How to Extract Plain Text from Documents
Some search engines such as Azure Cognitive Search only accept plain text data when indexing content.
- For these search engines, ConnectivityHub can use the Tika Text Extraction Service to extract the plain text and submit it to the search engine in lieu of the original document.
- The Tika Text Extraction Service installation instructions are here: Install the BA Insight Tika Text Extraction service.
The instructions below describe how to use the service:
How to Connect Your Content Source to the Tika Text Extraction Service
- Edit your content source and go to the Advanced page.
- Edit the "Enrichment pipeline integration" field and select Enrichment web service.

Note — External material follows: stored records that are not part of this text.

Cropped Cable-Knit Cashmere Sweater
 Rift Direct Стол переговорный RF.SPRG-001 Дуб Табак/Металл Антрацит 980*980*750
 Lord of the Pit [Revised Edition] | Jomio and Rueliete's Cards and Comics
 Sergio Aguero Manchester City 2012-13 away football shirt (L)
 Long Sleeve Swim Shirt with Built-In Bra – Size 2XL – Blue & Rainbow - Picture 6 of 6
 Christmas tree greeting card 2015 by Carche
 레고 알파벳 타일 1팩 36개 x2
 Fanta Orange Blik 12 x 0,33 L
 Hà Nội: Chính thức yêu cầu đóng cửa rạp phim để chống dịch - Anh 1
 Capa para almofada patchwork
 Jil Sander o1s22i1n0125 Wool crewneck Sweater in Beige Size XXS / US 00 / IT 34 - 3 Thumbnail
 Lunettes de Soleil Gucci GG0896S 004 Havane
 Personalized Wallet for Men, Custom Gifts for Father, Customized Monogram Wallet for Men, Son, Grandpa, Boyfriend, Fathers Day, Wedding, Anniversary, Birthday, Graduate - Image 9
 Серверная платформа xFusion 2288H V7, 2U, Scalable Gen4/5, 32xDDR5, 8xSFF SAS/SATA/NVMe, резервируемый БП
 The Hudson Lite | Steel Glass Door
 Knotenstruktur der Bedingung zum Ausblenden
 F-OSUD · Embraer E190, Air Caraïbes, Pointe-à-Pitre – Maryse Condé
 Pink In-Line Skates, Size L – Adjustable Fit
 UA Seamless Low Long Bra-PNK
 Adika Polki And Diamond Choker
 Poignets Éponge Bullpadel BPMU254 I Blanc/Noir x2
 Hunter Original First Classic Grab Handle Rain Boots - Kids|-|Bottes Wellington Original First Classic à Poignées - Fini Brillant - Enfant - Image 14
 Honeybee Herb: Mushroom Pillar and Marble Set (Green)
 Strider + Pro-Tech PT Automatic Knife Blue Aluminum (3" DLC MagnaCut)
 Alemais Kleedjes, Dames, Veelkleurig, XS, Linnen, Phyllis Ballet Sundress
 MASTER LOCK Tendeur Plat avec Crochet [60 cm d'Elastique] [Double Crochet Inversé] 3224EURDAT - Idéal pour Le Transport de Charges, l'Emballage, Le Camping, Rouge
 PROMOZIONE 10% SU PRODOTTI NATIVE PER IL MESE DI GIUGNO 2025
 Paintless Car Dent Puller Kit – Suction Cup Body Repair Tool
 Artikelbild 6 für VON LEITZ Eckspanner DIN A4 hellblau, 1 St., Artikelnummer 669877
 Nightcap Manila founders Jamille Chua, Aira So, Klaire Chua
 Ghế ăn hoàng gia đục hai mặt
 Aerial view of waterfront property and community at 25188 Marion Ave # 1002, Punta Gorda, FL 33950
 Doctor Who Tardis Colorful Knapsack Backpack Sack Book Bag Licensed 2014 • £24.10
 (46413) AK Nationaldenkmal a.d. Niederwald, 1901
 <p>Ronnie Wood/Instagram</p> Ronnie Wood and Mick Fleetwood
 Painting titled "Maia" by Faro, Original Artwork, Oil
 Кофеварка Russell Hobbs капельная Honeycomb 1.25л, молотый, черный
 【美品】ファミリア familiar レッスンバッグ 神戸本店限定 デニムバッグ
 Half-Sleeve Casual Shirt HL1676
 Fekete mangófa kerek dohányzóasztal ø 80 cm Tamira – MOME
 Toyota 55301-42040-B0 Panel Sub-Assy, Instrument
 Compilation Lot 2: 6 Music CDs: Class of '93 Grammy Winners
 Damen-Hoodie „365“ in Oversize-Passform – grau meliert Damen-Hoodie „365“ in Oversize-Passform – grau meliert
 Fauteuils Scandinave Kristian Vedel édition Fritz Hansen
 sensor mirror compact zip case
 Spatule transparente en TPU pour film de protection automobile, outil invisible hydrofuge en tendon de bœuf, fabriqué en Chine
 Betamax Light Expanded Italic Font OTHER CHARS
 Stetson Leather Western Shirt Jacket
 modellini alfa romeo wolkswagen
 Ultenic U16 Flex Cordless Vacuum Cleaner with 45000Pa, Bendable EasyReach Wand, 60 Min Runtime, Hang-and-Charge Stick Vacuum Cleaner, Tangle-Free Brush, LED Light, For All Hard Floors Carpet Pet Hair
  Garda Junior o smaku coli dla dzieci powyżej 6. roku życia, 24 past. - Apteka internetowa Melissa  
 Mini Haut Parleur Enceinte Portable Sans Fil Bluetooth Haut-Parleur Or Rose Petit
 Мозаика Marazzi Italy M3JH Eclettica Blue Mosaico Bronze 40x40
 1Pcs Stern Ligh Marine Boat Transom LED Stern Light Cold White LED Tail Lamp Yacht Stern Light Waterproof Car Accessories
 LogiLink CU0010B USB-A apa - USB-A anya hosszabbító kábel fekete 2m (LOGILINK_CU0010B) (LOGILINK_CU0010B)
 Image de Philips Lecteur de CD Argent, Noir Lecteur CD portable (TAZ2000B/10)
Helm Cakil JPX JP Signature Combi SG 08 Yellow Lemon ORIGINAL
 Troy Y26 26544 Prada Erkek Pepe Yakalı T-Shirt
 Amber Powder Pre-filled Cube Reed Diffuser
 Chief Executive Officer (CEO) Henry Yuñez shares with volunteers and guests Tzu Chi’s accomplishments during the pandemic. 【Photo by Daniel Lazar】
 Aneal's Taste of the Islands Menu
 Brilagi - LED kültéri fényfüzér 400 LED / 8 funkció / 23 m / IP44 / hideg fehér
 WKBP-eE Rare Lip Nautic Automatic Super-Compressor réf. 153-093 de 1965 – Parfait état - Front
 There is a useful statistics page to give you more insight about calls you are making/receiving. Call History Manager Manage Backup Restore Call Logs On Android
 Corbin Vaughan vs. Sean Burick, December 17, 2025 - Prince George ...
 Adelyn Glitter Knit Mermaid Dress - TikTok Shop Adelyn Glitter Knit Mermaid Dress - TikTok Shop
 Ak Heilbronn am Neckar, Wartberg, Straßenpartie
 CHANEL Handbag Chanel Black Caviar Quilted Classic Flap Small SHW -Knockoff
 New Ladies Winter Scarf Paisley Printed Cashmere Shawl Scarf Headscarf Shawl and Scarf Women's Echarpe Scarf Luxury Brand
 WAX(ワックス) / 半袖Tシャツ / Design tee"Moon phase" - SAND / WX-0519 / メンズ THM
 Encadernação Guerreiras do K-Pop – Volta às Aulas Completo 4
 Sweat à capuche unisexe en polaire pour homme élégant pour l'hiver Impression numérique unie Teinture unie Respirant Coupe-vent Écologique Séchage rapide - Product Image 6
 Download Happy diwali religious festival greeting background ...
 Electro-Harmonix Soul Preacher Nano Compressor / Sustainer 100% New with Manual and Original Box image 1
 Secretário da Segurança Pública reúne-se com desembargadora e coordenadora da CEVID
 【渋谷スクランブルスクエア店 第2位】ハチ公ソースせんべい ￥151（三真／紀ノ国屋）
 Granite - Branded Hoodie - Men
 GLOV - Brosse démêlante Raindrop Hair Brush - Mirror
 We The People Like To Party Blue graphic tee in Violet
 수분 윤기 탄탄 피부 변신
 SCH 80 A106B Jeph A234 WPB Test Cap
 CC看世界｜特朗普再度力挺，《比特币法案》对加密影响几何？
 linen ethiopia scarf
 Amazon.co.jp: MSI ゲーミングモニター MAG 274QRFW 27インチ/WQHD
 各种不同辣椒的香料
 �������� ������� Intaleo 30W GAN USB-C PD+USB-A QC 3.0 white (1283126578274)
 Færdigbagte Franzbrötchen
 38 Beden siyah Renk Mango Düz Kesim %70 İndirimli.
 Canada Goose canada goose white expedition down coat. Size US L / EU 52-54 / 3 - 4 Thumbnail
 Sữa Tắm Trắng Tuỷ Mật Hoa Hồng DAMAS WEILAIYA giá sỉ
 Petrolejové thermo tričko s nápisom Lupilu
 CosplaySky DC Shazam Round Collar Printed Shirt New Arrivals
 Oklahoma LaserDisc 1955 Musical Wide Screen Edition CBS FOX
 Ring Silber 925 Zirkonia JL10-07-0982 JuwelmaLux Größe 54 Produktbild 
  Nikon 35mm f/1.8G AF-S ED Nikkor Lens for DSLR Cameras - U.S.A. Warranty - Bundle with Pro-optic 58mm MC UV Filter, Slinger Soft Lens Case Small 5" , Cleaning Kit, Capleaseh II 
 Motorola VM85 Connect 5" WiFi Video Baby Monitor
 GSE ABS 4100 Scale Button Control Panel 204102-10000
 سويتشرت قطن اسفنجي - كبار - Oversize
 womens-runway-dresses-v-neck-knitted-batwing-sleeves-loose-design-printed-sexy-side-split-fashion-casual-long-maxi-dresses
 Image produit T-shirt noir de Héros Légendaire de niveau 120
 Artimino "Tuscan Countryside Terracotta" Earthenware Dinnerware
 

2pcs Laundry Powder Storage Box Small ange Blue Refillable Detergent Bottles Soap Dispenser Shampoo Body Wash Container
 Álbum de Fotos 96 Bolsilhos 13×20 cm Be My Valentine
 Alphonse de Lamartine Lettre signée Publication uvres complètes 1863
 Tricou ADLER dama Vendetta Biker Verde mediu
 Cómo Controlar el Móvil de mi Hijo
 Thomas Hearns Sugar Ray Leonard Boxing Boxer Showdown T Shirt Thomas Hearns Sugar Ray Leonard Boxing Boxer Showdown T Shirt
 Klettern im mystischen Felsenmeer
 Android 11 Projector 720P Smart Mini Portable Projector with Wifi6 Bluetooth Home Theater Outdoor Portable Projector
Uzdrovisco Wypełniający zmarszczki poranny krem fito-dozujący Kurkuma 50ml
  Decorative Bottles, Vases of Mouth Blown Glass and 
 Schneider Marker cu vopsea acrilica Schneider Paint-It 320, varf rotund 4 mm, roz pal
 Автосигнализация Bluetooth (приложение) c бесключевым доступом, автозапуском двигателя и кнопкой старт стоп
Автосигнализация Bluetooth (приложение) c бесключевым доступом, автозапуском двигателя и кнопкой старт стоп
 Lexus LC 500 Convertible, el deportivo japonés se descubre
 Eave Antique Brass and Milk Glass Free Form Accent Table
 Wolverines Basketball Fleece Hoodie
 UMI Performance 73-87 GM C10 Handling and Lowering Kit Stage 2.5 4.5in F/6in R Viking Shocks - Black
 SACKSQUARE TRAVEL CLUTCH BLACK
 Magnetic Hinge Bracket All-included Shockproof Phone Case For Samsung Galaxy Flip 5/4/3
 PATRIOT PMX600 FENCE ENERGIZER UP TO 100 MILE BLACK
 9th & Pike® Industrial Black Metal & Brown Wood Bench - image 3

- Specify the URL of the Tika extraction service in the Service URL text box.
The address is typically:
http://localhost:7890/TikaCews.svc - Specify the "Properties returned" as follows:
body,Text,false
Your configuration settings should resemble the graphic shown here: - Click Save to apply your changes
Create a New Metadata Property to Receive the Extracted Plain Text
- Go to the Content Sources page in Connectivity Hub.
- In the context menu for your content source, click Metadata...
- On the Metadata page, click New > Text Metadata.
- Enter the Metadata name (typically
body
). - For the Value field, select "The value is calculated by an enrichment pipeline" and select
body
in the subsequent drop down list: - Click Save.